Write out again, exactly, the lines below starting at the one with "Obraz premium Smart" and ending at the one with "2015 3: alternate_hairstyle".

* Information supplied
###

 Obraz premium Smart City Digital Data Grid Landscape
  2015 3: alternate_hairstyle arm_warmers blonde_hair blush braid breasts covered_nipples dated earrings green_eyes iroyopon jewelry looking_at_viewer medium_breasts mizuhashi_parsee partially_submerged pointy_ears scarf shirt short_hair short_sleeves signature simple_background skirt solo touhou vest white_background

###

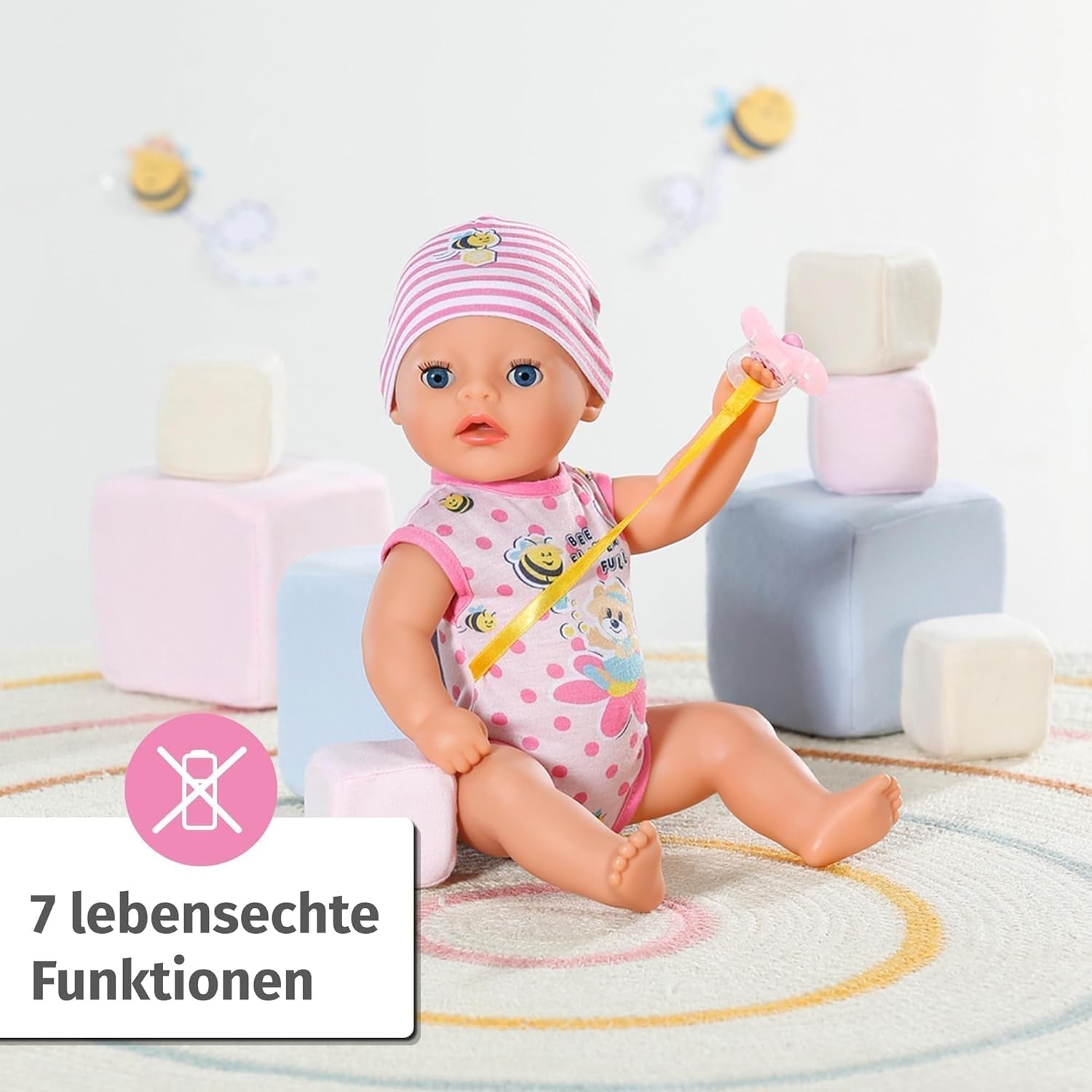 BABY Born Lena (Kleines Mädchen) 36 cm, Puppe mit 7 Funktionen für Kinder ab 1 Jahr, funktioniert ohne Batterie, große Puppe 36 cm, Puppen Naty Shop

###

* Answer to this exercise
 Obraz premium Smart City Digital Data Grid Landscape
  2015 3: alternate_hairstyle arm_warmers blonde_hair blush braid breasts covered_nipples dated earrings green_eyes iroyopon jewelry looking_at_viewer medium_breasts mizuhashi_parsee partially_submerged pointy_ears scarf shirt short_hair short_sleeves signature simple_background skirt solo touhou vest white_background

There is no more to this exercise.